Aus Gründen des Brandschutzes können nur Patientinnen und Patienten im Haus D untergebracht werden, die gut zu Fuss sind und Treppen steigen können. Ansonsten wird vor dem Eintritt jeder Fall angeschaut und – natürlich auch je nach Kapazität – entschieden auf welcher Station jemand untergebracht wird. In der Regel sollte es aber genug Platz haben für Zusatzversicherte. Und wir dürfen nicht vergessen: Alle Patientinnen und Patienten profitieren von unseren exzellenten Mitarbeitenden, den multidisziplinären, sehr guten Therapien, und dem aussergewöhnlichen Setting.

Noch laufen die lezten Bau- und Malerarbeiten, aber am 2. April wird die Station die ersten Patientinnen und Patienten empfangen können

Zurzeit hat es noch offene Stellen, wie können sich potenzielle neue Mitarbeitende die Arbeit auf der neuen Station vorstellen?

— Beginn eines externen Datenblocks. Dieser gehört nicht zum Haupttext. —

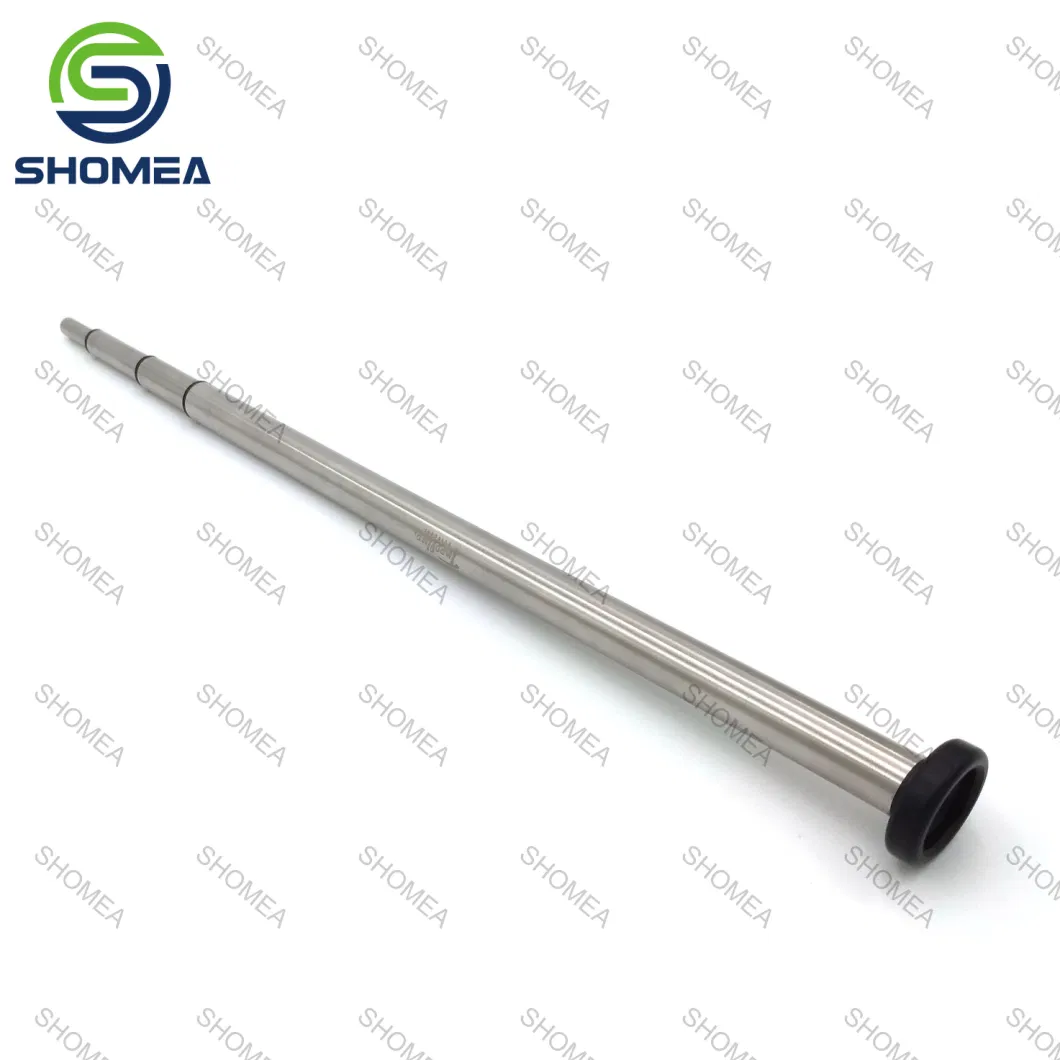 Seamless Stainless Steel Telescopic Tube for Fire Blow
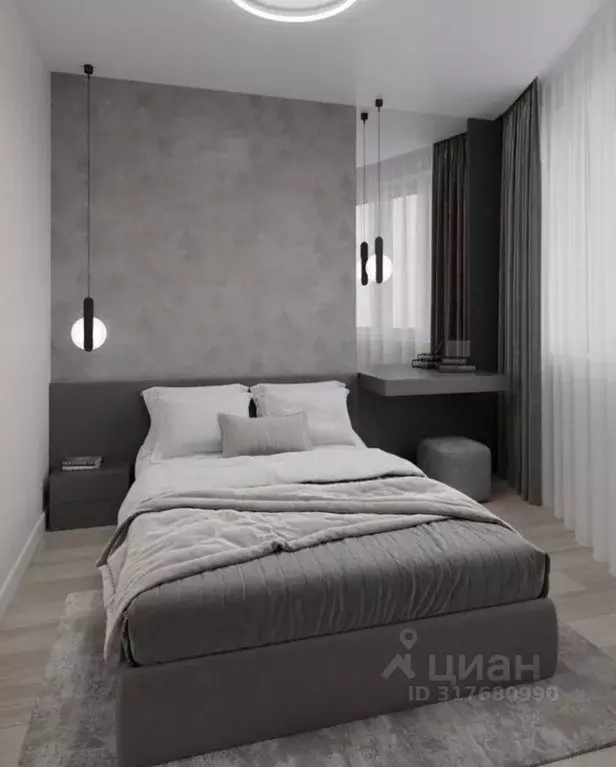 1-к кв. Краснодарский край, Краснодар ул. Имени Генерала Брусилова, ... - Фото 1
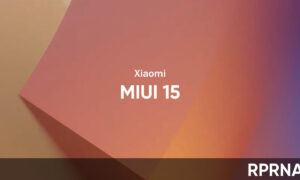 Xiaomi MIUI 15 drop 32-bit apps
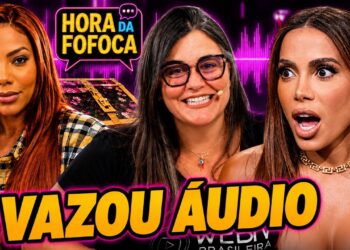 🔥HDF | VAZOU ÁUDIO! Anitta fala de Ludmilla em gravação, Polícia desmente Deolane e Cowboy reage!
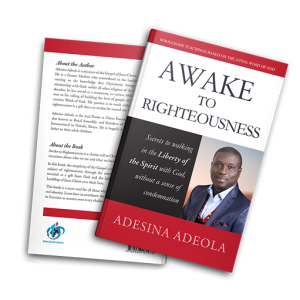 Awake to Righteousness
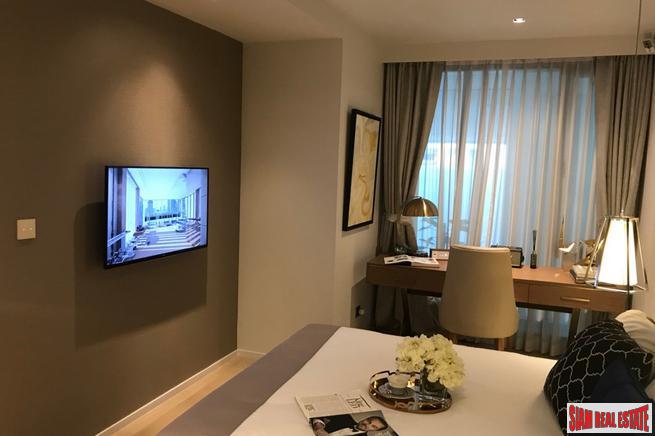 New Low-Rise Condo of Smart Homes at Wireless Road, next to BTS Ploenchit - 1 Bed Units - Up to 15% Discount!-18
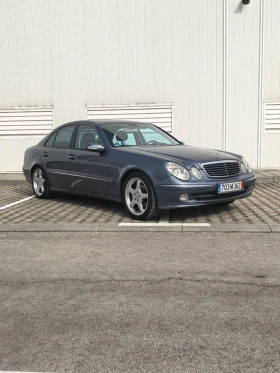 Mercedes-Benz E 320 320cdi, снимка 3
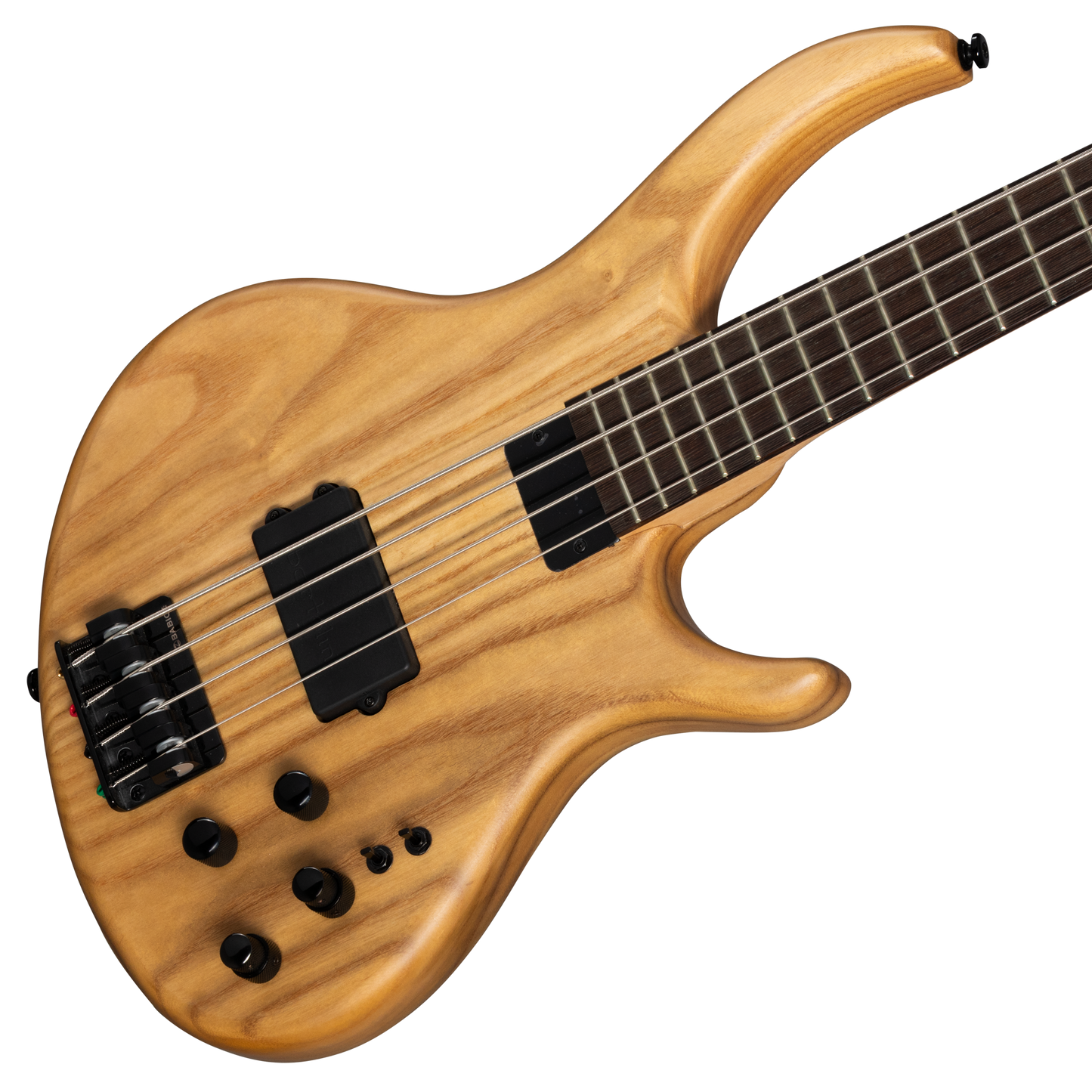 Tobias Growler IV, Satin Natural Electric Bass Tobias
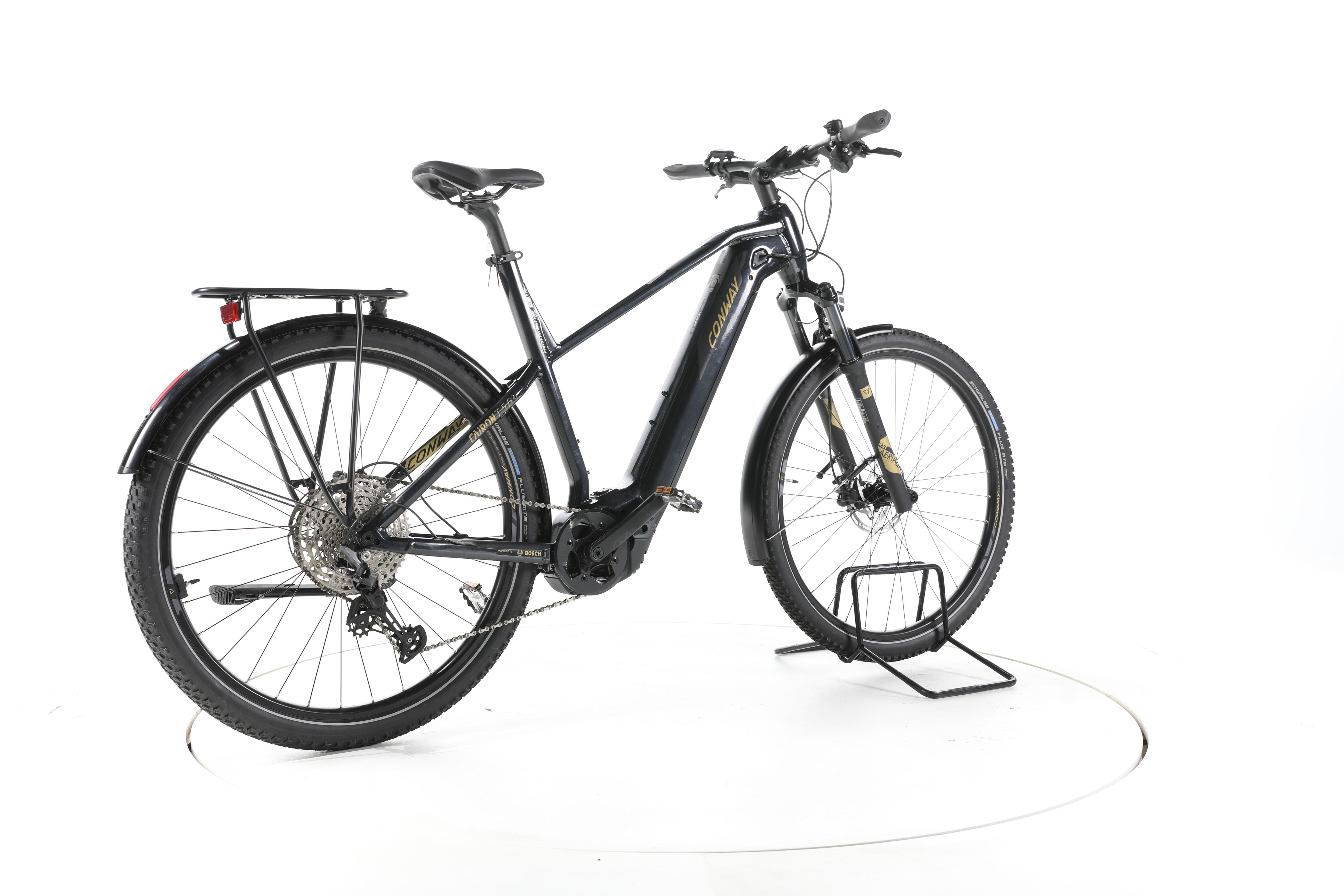 Conway Cairon T 5.0 Trekking E-Bike - Image 12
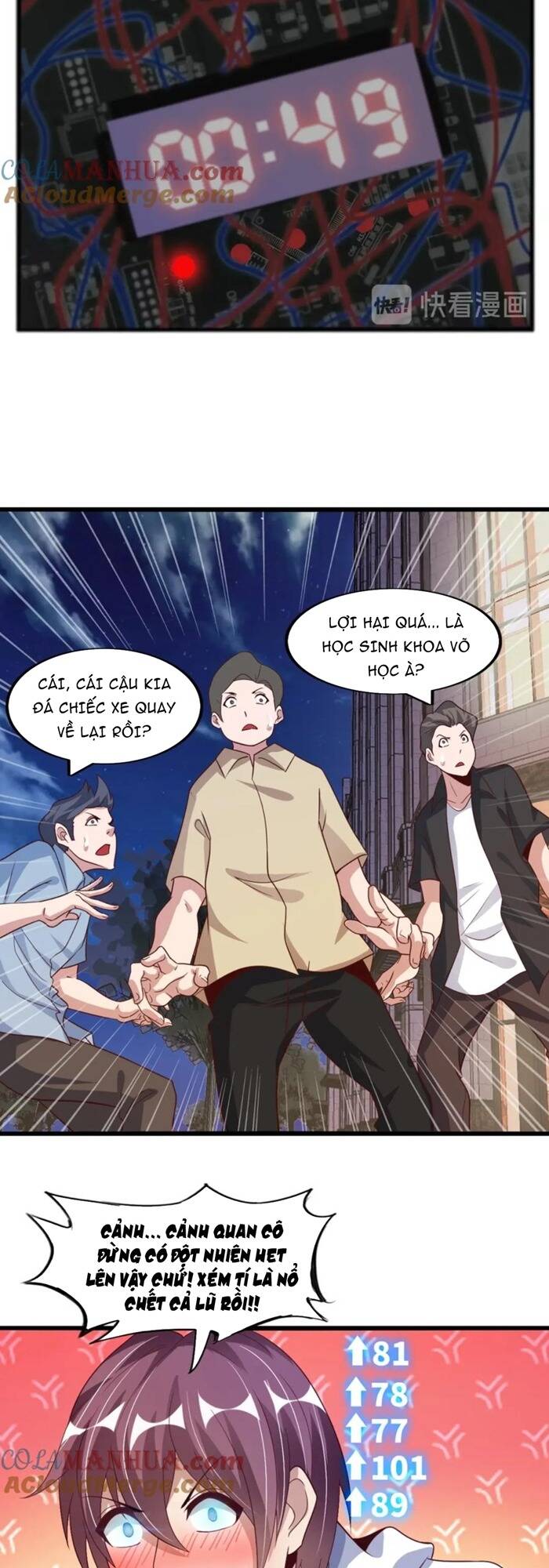 Đại Thiên Tài Bất Khả Chiến Bại Chính Là Ta: Chapter 38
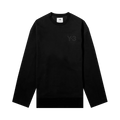Y-3 Classic Chest Logo Crew Sweatshirt "Black"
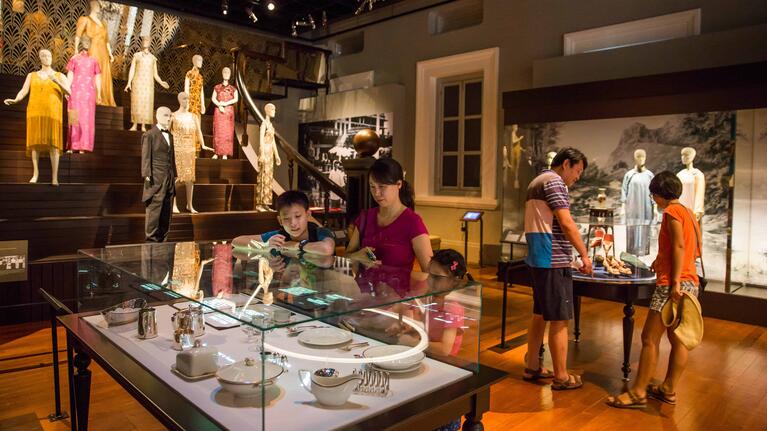 Singapore National Museum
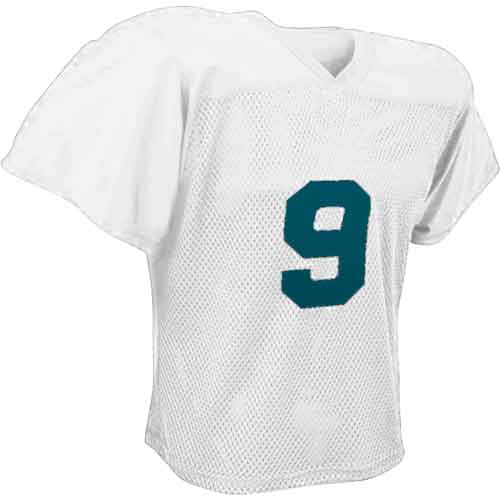 Multiple Colors Available Champro FJ9 Youth Boys Practice Football Jersey 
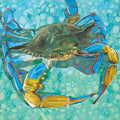 Chesapeake Crab Beverage Napkins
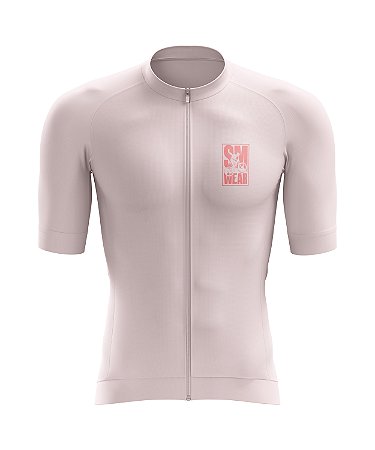 Camisa Solid Rosa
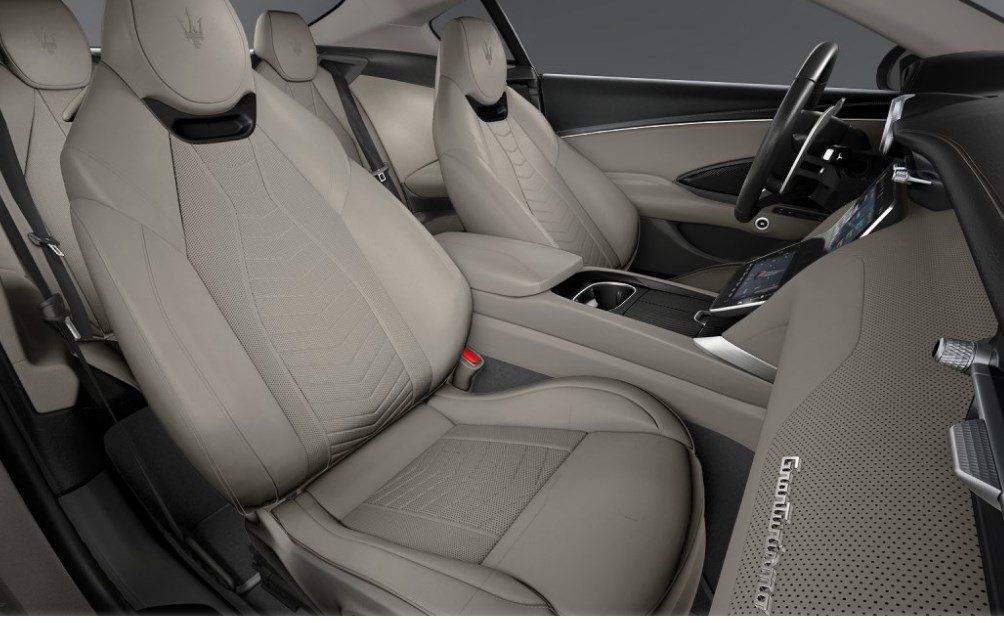 Maserati Granturismo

Das Stationsteam wird sich gut kennen und sehr eng zusammenarbeiten. Diejenigen, die wir schon rekrutieren konnten, sind alle sehr sympathische und beruflich beeindruckend fähige Leute. Das Team profitiert von der Kompaktheit der Station (mit allen notwendigen Strukturen vor Ort) und von Teamräumen, in denen auch ein Rückzug und – neben den sehr wichtigen Teambesprechungen und vielfältigen Supervisionen, die wir immer für das ganze Team anbieten – ein spontaner und informeller Austausch möglich sein wird. Die Stellen sind so aufeinander abgestimmt, dass sie interdisziplinär wirklich gut miteinander harmonieren. Die stabil arbeitenden, kleinen Patientengruppen ermöglichen eine tiefe Auseinandersetzung mit den Patientinnen und Patienten, was nicht zu Letzt in der Bezugspflege sehr zentral ist. Und: Wenn ich ehrlich bin, freue ich mich, dass ich gelegentlich auch ein bisschen dort mitarbeiten darf.